I'm told by my teacher to calculate the atomic packing factor (APF) of primitive monoclinic crystal structure as part of my group assignment.
The problem is I'm not sure what is the correct way of doing this. I tried to find textbooks or online sources for solution but all of them only show the APF for cubic or hexagonal close-packed (HCP) structure.
Attempt at solution:
As for as I know APF is determined by assuming atoms as rigid spheres and its radius is taken to be the maximal value such that the atoms do not overlap. So my best guess is that the calculation of APF can be illustrated in the picture I’ve drawn, as shown above
Given b-unique setting, $a$ and $c$ meet each other at angle $β$, and $a < b < c$ as shown in the picture:
$$\text{Radius}, r = \frac{1}{2} a$$
$$\text{Number of particle in the cell}, N = 1$$
$$\text{Volume of particle}, V_p = \frac{4}{3} \pi r^3 = \frac{1}{6} \pi a^3$$
$$\text{Volume of unit cell}, V_u = abc \sin (\beta)$$
$$\text{APF} = \frac{NV_p}{V_u} = \frac{ (1) ( \frac{1}{6} \pi a^3 ) }{ abc \sin (\beta) } = \frac{\pi a^2}{6bc \sin (\beta)}$$
I would appreciate it if someone could verify whether my method calculating APF for non-cubic and non-HCP crystal structure is valid or not.
Actually is it relevant to calculate APF for crystal structure other than cubic or hexagonal close-packed structure? (e.g.
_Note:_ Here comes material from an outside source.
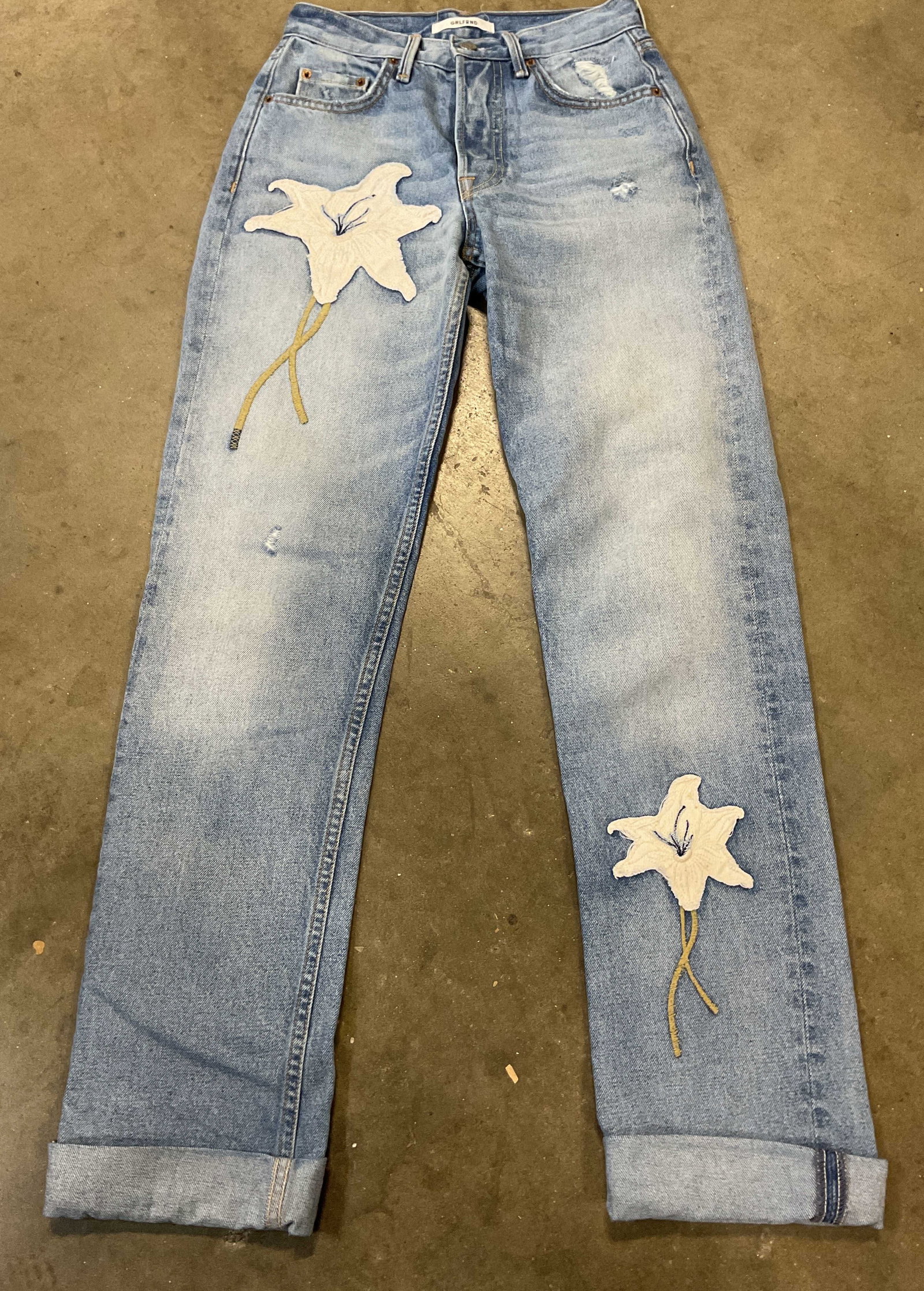 Grlfrnd Embroidered Floral Denim Jeans USA: Grlfrnd embroidered floral light wash denim jeans. Made in USA. 100% cotton. Size 23. Embroidered floral motif in white, green, and blue. Wear consistent with exposure, blemishes. Jeans, bottoms, pant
Orthorhombic, Triclinic)
Best Answer
Calculating the packing factor for a monoclinic lattice does seem a strange thing to do, but whatever the lattice the packing factor is simply the volume of all the atoms in the unit cell divided by the volume of the unit cell:
$$ \text{APF} = \frac{N_\text{atoms}V_\text{atoms}}{V_\text{cell}} $$
And for a primitive cell obviously $N_\text{atoms}=1$.